Because there was no exit strategy from the get-go. I went searching for info on Webb within the last few days. His website, www.jameswebb.com, has his bio and links to articles he has written in the last few years. He was against invasion of Iraq in November 2002. He predicted that it would take 50ish years of occupation to accomplish our goals there, and, therefore, we should not invade. He was not and is not alone in his thinking on Iraq.
One of his articles is about Cap Weinberger. It's very clear that he loved the man dearly and that he learned much from him.
An interesting phenomenon is when you are driving from Nashville into east Tennessee on I-40, or go north of Atlanta on Highway 400, or south from Pennsylvania on I-79, you begin to hear bluegrass oriented radio stations along with standard country music fare. On Sundays, you can hear old time Gospel music and even sacred harp type singing along with loud and emotional Pentecostal style worship. Appalachia is clearly different from either the North or the Deep South.
Thank You for the info.
My Great great grandmother was Scottish, they say she came from Ireland. Wondering now if she was an Ulster Scot? Have you any knowledge or info on the last name Adams. Would be greatly appreciated.
As I tell my wife, when she asks how I can be such a bull-headed pain in the arse, some of my ancestors were hand-selected by the British to annoy the Irish.
Per Allen Eckman's "The Frontiersman"
That's funny!!!!
Adams is one of those names that can cut either way. Up in the North of Ireland there are Protestant Adams's and Catholic Adams's. I believe the Catholic ones were probably Mac Adam. The blood lines up there are all mixed up anyway. You have Gerry Adams (head of Sinn Fein--political wing of the IRA) and you have our presidents John Adams and his son John Quincy Adams who were of English background (came to Massachusetts Bay colony in the 1630s). when they speak of Scots-Irish or Ulster Scots they specifically mean the people & their descendants who were planted by James I (some came afterward)in Ulster (an Irish province) after the native Irish chieftains were defeated around 1604. These people were both large landowners (mostly English and Anglican) and small farmers (mostly Scottish and Presbyterian) It was these small farmers who came to North America in the 1700s in droves because the Presbyterian Church was not given full freedom to operate (the Catholics were basically outlawed). These folks formed the backbone of the frontier folk at the time (Appalachian Mts.)and joined George Washington's army in droves.

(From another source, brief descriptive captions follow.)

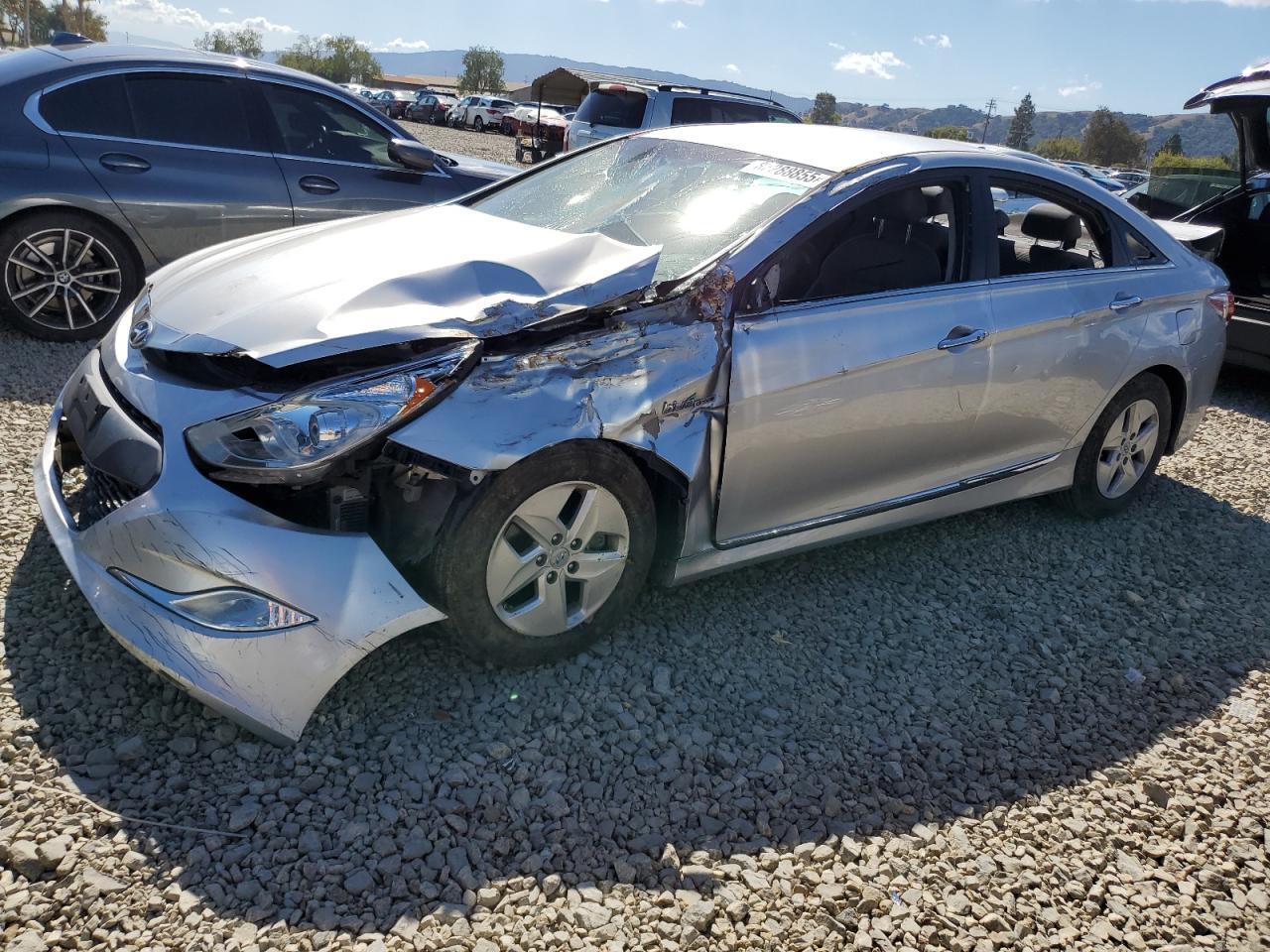 2012 HYUNDAI SONATA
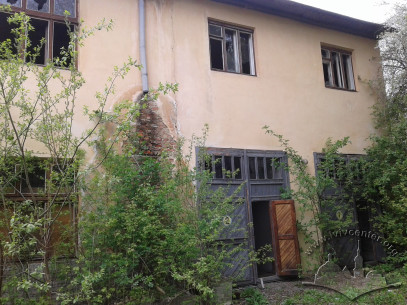 Вул. Личаківська, 37. Гаражі колишнього військкоммату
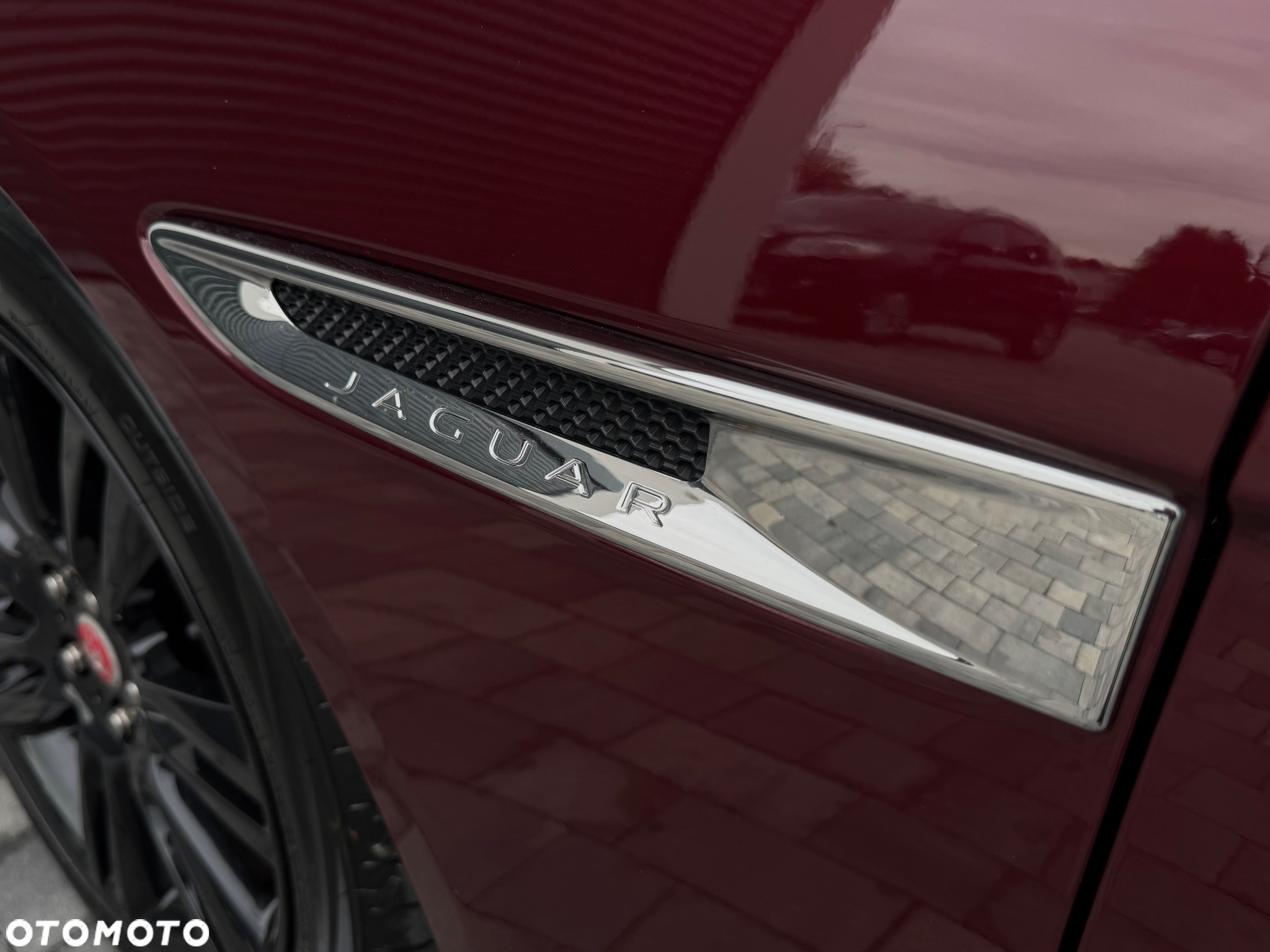Jaguar XE 2.0 D Prestige - 37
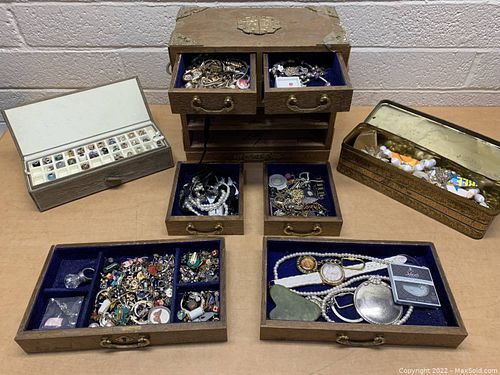 Vintage Jewelry Box Tin With Contents  (1 of 14)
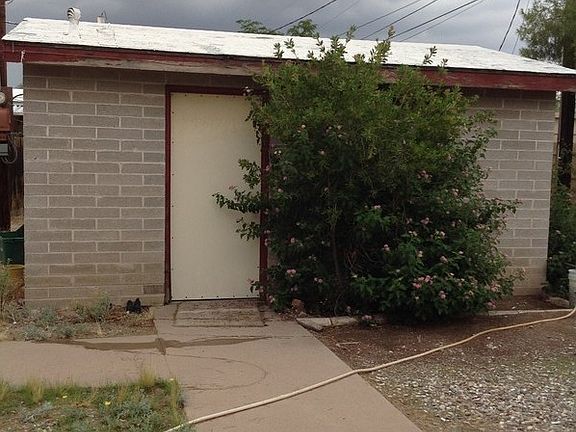 3rd image of 1526 W Delano Dr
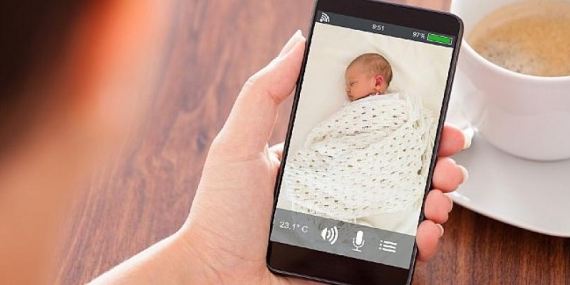 Bebek monitörü korsanlığına karşı ailenizi güvende tutmanın yolları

Very good and informative post!! Keep on trucking!!!
Ulster Scots are Scots that emigrated to northern Ireland during the 1600’s at the invitation or order of King James.
He had driven a lot of Irish off their land in Northern Ireland (or Ulster as it was called) and wanted to give it to Protestant Scots and Englishmen. The Scottish emigrants were lowlanders, or part of the ruling class. The Highlanders, or commoners, were not invited to emigrate but they emigrated later uninvited. In the 1700’s these Scotch-Irish, as they were called, were persecuted by both the Catholics in Ireland and the Anglicans in England (the Scots were Presbyterians). A famine in Ireland plus other problems in the mid 1700’s caused large numbers of Ulster
Scots to emigrate to the colonies. King George III encouraged this with land grants. The Scotch-Irish came in mostly through the port of Charleston, SC and settled in the Carolinas, Virginia, and the Appalachian regions.
They were more than eager to fight the English in the Revolutionary War, and one officer said that these Scots were among General Washington’s best soldiers. The reason I know all of this is because I am a descendant of an Ulster Scot who left County Antrim and arrived in Charleston in 1763 with his wife and children. One of his sons was a revolutionary soldier.